ECLI:NL:CRVB:2015:4682

Centrale Raad van Beroep

Datum uitspraak
11 december 2015
Publicatiedatum
21 december 2015
Zaaknummer
14/3705 WWAJ
Instantie
Centrale Raad van Beroep
Type
Uitspraak
Procedures
  • Hoger beroep
Rechters
  • C.W.J. Schoor
Vindplaatsen
  • Rechtspraak.nl
AI samenvatting door LexboostAutomatisch gegenereerd

Hoger beroep inzake Wajong-uitkering en begeleidingseisen

In deze zaak heeft de Centrale Raad van Beroep op 11 december 2015 uitspraak gedaan in hoger beroep tegen een eerdere uitspraak van de rechtbank Noord-Nederland. Appellant, geboren op 15 april 1995, had op 7 oktober 2012 een uitkering op grond van de Wet werk en arbeidsondersteuning jonggehandicapten (Wajong) aangevraagd. Het Uitvoeringsinstituut werknemersverzekeringen (Uwv) had op 23 januari 2013 vastgesteld dat appellant geen recht had op een Wajong-uitkering, omdat hij meer dan 75% van het minimumloon kon verdienen. Appellant was het niet eens met dit besluit en heeft bezwaar aangetekend, waarbij hij stelde dat hij meer begeleiding nodig had dan het Uwv had vastgesteld.

De rechtbank heeft het beroep van appellant ongegrond verklaard, waarbij zij oordeelde dat de begeleiding op het niveau van ‘een oogje in het zeil houden’ voldoende was, mits dit doorlopend plaatsvond.

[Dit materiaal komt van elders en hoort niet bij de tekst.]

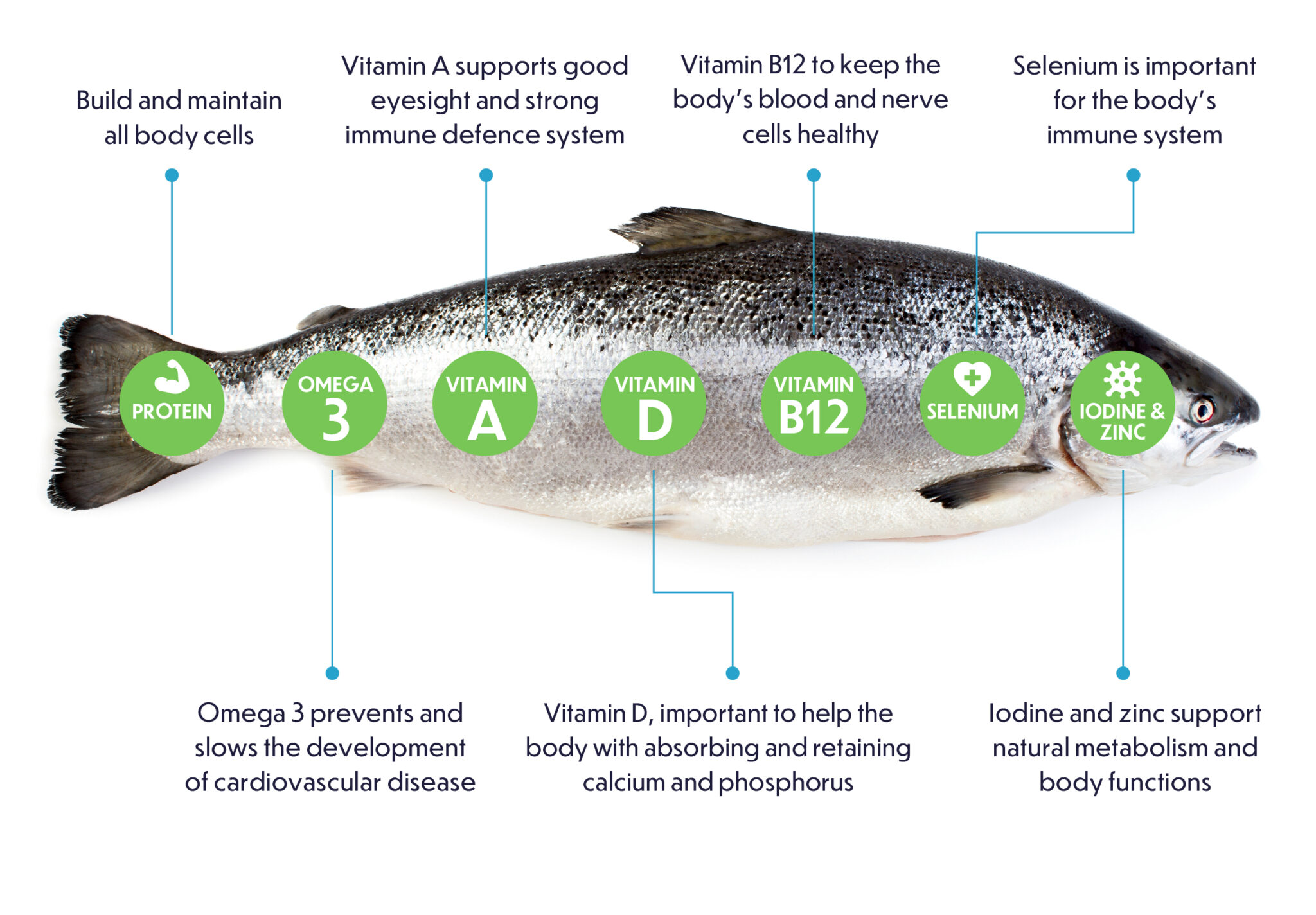 Discover Power Of Salmon Nutrition Facts And Tips Ocean Blue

Appellant ging in hoger beroep en herhaalde zijn eerdere gronden, waarbij hij aanvoerde dat het Uwv zijn beperkingen had vastgesteld onder de aanname dat hij Ritalin gebruikte. De Raad oordeelde dat de rechtbank de beroepsgronden terecht had verworpen. De verzekeringsarts bezwaar en beroep had overtuigend gemotiveerd dat er geen grond was voor het vaststellen van een intensievere vorm van begeleiding, en dat de geselecteerde functies in medisch opzicht passend waren.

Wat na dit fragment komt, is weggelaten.